# DATA SUPPLIED
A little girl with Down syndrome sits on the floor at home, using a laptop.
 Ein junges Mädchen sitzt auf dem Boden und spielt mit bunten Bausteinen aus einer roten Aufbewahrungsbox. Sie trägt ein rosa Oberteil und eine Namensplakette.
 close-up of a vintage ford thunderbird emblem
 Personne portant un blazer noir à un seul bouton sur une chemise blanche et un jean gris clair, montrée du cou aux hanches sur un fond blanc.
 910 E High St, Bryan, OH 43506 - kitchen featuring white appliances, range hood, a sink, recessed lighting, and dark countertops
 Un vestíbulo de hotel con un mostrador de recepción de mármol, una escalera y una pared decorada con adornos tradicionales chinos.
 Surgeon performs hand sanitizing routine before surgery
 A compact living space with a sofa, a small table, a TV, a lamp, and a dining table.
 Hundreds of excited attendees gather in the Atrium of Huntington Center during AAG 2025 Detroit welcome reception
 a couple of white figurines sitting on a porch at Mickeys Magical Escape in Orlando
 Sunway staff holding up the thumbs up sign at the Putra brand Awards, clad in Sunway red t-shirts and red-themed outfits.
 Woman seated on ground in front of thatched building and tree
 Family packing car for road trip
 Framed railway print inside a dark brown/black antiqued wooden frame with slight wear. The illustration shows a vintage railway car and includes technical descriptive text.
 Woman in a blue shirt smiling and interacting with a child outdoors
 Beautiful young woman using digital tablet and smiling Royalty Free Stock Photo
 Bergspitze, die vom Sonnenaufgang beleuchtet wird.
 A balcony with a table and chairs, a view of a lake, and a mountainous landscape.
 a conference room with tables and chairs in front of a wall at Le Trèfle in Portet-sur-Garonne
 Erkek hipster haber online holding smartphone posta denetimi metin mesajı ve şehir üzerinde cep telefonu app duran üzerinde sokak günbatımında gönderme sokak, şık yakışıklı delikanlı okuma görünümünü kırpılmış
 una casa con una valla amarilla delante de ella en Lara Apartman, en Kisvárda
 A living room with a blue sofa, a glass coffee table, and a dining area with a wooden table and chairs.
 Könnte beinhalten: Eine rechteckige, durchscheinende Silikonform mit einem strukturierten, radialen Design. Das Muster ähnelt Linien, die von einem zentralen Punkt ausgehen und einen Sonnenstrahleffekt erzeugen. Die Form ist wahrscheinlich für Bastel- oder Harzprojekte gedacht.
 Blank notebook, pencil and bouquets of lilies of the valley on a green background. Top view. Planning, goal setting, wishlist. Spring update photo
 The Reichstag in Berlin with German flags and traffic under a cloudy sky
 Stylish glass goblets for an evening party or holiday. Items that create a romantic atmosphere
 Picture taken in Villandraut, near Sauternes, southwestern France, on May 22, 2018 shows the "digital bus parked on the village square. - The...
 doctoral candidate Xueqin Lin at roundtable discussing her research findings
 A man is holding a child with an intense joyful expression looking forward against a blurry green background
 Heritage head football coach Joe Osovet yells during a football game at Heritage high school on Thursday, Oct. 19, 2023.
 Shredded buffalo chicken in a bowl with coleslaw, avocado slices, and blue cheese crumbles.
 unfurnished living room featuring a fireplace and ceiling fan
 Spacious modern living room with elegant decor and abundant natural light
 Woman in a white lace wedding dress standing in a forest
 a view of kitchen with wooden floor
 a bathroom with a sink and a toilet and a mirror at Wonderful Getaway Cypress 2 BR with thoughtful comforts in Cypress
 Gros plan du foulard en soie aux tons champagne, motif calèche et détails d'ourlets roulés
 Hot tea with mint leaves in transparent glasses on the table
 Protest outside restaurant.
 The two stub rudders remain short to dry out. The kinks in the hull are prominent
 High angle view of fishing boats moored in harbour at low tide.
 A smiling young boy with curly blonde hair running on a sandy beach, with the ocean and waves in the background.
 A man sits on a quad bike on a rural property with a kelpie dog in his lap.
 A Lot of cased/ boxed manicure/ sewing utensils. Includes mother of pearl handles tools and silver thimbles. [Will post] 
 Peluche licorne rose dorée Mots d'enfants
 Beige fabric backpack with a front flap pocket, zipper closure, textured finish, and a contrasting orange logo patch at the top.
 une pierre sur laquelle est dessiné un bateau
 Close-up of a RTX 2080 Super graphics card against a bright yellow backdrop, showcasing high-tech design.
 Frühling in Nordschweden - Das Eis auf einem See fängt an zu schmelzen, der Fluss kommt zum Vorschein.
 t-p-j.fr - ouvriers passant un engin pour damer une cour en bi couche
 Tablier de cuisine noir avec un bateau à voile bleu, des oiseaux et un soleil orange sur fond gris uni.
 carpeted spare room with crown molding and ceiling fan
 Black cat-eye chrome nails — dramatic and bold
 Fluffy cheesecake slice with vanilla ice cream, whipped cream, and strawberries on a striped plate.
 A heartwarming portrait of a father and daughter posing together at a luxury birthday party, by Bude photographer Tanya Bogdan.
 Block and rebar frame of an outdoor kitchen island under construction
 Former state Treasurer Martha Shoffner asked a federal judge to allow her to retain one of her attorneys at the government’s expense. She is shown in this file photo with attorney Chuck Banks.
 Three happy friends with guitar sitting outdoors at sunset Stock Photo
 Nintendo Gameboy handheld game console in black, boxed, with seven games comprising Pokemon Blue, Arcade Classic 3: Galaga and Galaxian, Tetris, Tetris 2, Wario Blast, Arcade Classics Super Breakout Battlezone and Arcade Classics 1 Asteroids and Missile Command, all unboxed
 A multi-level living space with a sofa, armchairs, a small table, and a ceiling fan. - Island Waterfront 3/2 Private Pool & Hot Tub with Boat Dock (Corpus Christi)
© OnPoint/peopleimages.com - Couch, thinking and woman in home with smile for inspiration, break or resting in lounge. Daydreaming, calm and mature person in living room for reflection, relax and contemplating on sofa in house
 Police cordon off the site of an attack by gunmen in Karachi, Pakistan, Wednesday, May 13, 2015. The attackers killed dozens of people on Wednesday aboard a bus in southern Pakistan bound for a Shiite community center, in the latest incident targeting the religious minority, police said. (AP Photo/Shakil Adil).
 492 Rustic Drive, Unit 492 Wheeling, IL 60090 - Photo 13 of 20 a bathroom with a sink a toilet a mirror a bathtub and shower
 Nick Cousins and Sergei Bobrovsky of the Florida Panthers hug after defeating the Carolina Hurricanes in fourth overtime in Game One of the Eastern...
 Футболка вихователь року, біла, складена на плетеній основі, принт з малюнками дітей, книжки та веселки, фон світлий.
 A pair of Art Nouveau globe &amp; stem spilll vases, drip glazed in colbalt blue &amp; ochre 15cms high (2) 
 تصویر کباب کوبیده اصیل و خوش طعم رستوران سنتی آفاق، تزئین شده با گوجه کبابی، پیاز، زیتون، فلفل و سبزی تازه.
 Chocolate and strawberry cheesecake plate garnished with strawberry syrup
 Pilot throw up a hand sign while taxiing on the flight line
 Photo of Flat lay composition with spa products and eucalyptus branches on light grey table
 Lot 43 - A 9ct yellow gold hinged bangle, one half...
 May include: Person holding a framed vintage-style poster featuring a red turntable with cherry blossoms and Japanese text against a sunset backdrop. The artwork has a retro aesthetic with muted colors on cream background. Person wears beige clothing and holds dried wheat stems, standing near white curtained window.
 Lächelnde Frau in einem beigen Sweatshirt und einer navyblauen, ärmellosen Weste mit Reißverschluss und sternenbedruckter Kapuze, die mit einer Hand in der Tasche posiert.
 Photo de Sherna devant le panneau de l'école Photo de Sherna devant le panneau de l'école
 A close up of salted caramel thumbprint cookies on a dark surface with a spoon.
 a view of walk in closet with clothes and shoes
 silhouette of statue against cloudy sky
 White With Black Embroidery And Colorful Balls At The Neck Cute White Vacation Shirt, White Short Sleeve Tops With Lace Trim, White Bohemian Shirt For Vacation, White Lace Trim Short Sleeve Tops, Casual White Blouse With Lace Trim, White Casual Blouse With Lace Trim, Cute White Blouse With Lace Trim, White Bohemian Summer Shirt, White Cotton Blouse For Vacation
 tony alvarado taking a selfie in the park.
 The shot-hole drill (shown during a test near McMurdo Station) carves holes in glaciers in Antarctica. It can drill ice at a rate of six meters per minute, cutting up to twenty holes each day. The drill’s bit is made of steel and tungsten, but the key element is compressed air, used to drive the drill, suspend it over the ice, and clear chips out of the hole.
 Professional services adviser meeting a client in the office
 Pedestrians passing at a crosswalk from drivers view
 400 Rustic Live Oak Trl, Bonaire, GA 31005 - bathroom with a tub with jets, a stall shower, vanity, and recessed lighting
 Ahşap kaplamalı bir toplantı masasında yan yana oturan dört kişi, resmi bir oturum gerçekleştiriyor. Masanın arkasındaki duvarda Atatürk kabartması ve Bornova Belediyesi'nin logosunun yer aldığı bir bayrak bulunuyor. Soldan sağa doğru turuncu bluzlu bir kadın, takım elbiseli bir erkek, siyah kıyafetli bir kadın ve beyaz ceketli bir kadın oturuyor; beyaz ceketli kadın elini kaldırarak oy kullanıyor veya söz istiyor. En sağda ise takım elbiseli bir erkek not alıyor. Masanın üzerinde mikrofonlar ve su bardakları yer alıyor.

# TASK INSTRUCTIONS
A verbatim transcription is needed of the lines above, starting at the line with "close-up of a vintage" and ending at the line with "a conference room", both included, and of nothing else.

# WRITTEN REPLY
 close-up of a vintage ford thunderbird emblem
 Personne portant un blazer noir à un seul bouton sur une chemise blanche et un jean gris clair, montrée du cou aux hanches sur un fond blanc.
 910 E High St, Bryan, OH 43506 - kitchen featuring white appliances, range hood, a sink, recessed lighting, and dark countertops
 Un vestíbulo de hotel con un mostrador de recepción de mármol, una escalera y una pared decorada con adornos tradicionales chinos.
 Surgeon performs hand sanitizing routine before surgery
 A compact living space with a sofa, a small table, a TV, a lamp, and a dining table.
 Hundreds of excited attendees gather in the Atrium of Huntington Center during AAG 2025 Detroit welcome reception
 a couple of white figurines sitting on a porch at Mickeys Magical Escape in Orlando
 Sunway staff holding up the thumbs up sign at the Putra brand Awards, clad in Sunway red t-shirts and red-themed outfits.
 Woman seated on ground in front of thatched building and tree
 Family packing car for road trip
 Framed railway print inside a dark brown/black antiqued wooden frame with slight wear. The illustration shows a vintage railway car and includes technical descriptive text.
 Woman in a blue shirt smiling and interacting with a child outdoors
 Beautiful young woman using digital tablet and smiling Royalty Free Stock Photo
 Bergspitze, die vom Sonnenaufgang beleuchtet wird.
 A balcony with a table and chairs, a view of a lake, and a mountainous landscape.
 a conference room with tables and chairs in front of a wall at Le Trèfle in Portet-sur-Garonne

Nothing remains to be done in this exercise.